Jokowi is targeting more foreign investments and increase in exports rather than trying out a cheap-money policy, which could enlarge the current account deficit and kept investors worrying. He is also looking to relax the nation's reliance on Australian cattle imports, curb corruption and reduce domestic income inequality (read: Indonesia ETFs in Focus Ahead of Elections).

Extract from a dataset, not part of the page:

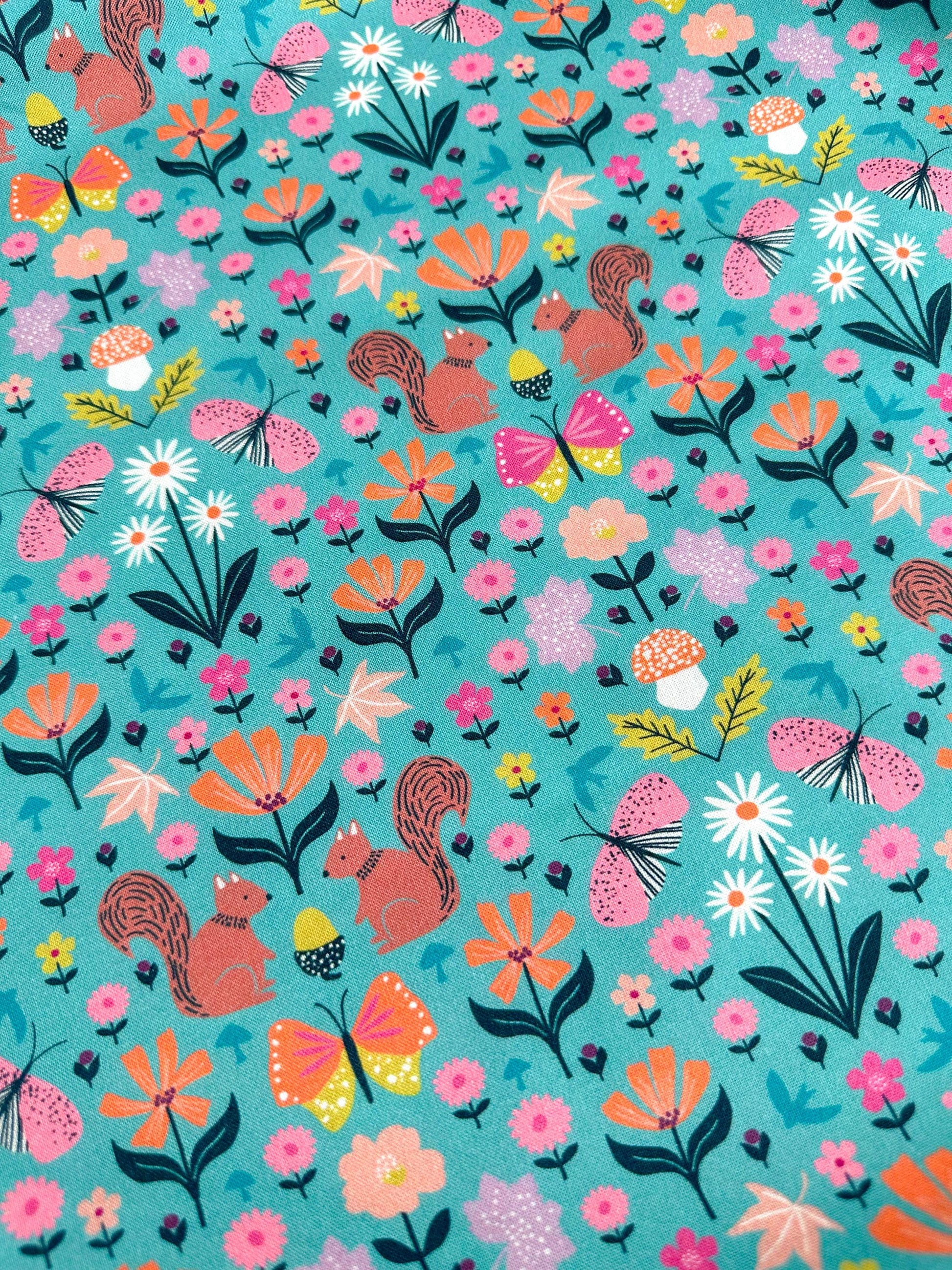 Woodland Wandering Fabric - By Dashwood Studio - Cotton Fabric By The Yard - Floral Print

Given stepped-up measures and hopes of economic revival under the Jokowi presidency, the Jakarta Composite Index is expected to climb as much as 17% to 6,000 by the end of 2015, according to PT Ashmore Asset Management fund manager Arief Wana. This in turn will drive the rally in the related ETFs as well.

Recovering Fundamentals

Inflation in Indonesia eased to the lowest level in more than two years on easing inflationary pressure. In fact, inflation dropped to 3.99% year over year in August from 4.53% in July. Another report showed that trade balance swung to surplus of $0.13 billion in July from a deficit of $0.3 billion in June.

The recent consumer sentiment survey has also been extremely positive with the monthly Indonesian Consumer Confidence Index climbing to a two-year high of 119.8 in July from 116.3 in June. In addition, the country’s consumer expectation index, covering economic conditions over the next six months, jumped 4.3 points to 125.7 in July. This indicates increased consumer confidence over the health of the Indonesian economy.

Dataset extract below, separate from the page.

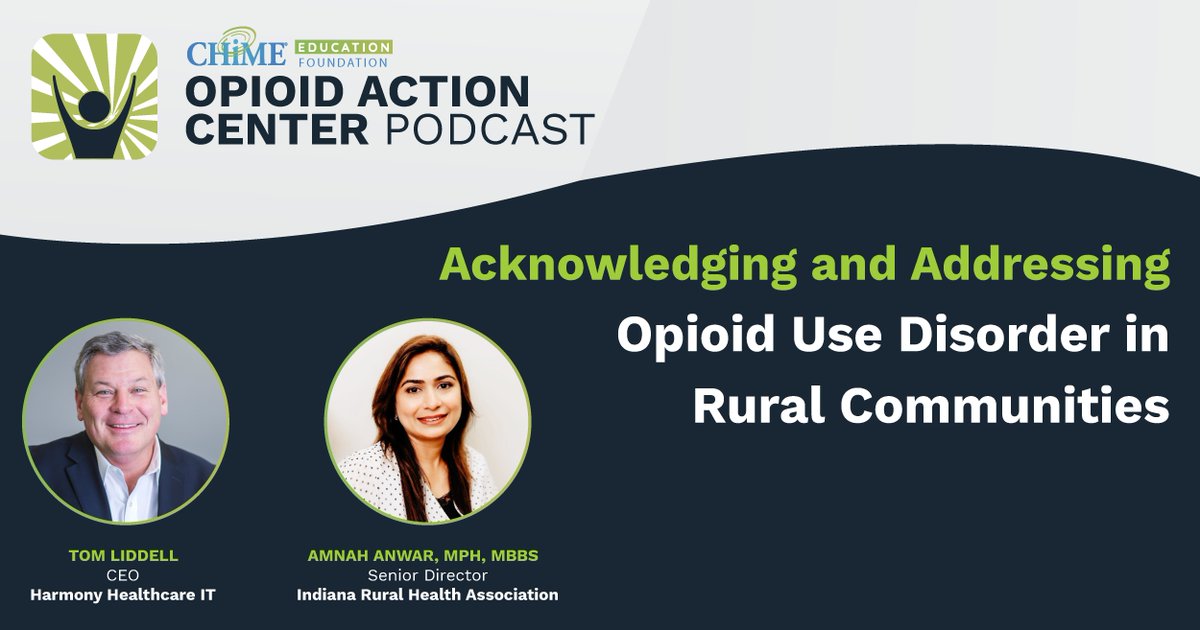 Host Tom Liddell, CEO of <a href="/HarmonyHIT/">HarmonyHIT</a> talks with Amnah Anwar; Senior Director at <a href="/IndianaRHA/">Indiana Rural Health Association</a>, on strategies for addressing the #opioidepidemic in #ruralhealth.
opioidactioncenter.com/resource/rural…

Moreover, Indonesian currency, the rupiah, strengthened nearly 4% against the greenback this year on more foreign capital inflows into the country and a modest inflation rate. This trend is likely to continue in the coming months on improving fundamentals (read: Inside the Indonesia ETF Turnaround).

Given the new government’s promise to turn around the beleaguered economy, funds targeting the country will remain lucrative choices for investors seeking solid capital appreciation opportunities. Below, we have highlighted three Indonesian ETFs that will continue to benefit from Joko Widodo’s growth reforms. All the three products have a favorable ETF Rank of 3 or ‘Hold’ rating, suggesting room for upside in the coming months.

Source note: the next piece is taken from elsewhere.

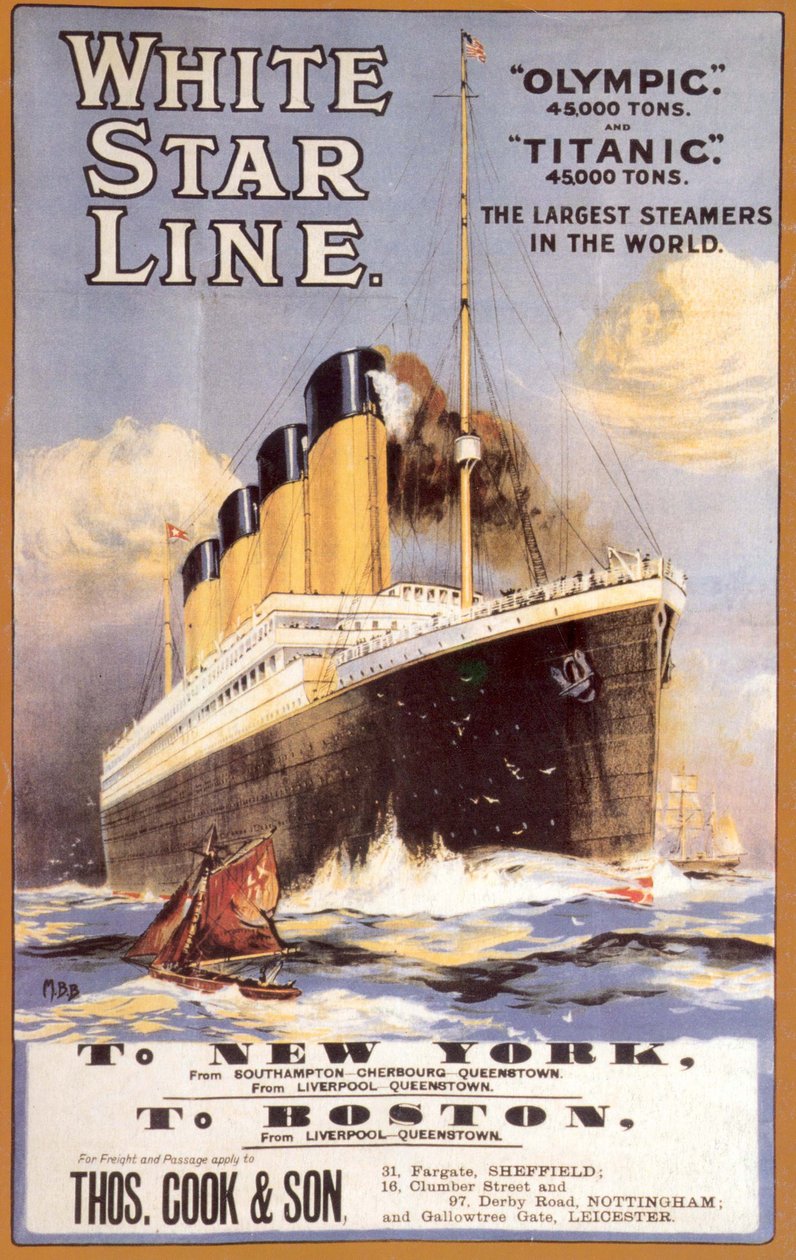 White Star Line. Titanic & Olympic, ca. 1911 door Unbekannt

iShares MSCI Indonesia Investable Market Index Fund (EIDO)

This is the most popular ETF tracking the Indonesian market with AUM of $584.6 million and average daily volume of nearly 633,000 shares. The fund tracks the MSCI Indonesia Investable Market Index, holding 105 securities in its basket while charging 62 bps in annual fees from investors.

The product is somewhat concentrated on both sectors and securities. The top two firms account for nearly 10% of the total assets while from a sector look, financials dominates the fund’s return with one-third share. The fund has a certain tilt toward large cap stocks at 85%. EIDO gained 27.2% in the year-to-date time frame (read: 3 Top Performing Emerging Market ETFs).

Market Vectors Indonesia ETF (IDX)

Though this product has a bit less in AUM than EIDO, it is still quite popular with more than 212,000 shares exchanging hands on a daily basis. The ETF follows the Market Vectors Indonesia Index, holding a basket of about 53 companies that are based in or do most of their business in the Southeast Asian nation.

The product puts about 54.5% of total assets in top 10 holdings, suggesting moderate concentration. Large caps are pretty prevalent, as these make up for 91% of assets, leaving a tad for small and mid cap stocks. With respect to sector holdings, financials again takes the largest share at 32.1%, followed by consumer staples (15%) and consumer discretionary (14.5%). The ETF charges 57 bps in fees per year from investors and has added 24.6% so far this year.

Market Vectors Indonesia Small-Cap ETF (IDXJ)

Unlike the other two, this is a small cap centric fund. It is unpopular and less liquid having AUM of $8.3 million and average daily volume of more than 23,000 shares. The fund tracks the Market Vectors Indonesia Small Cap Index while charges 61 bps in annual fees (see: all the Emerging Asia Pacific ETFs here).

Holding 39 stocks, the product does a decent job of spreading out assets as each company holds less than 6.1% of the total. However, it is a bit concentrated from a sector look as financials takes the top spot at 41% while industrials and energy round off to the next two spots at 27.1% and 16.1%, respectively. This fund is up 25.8% in the year-to-date time frame.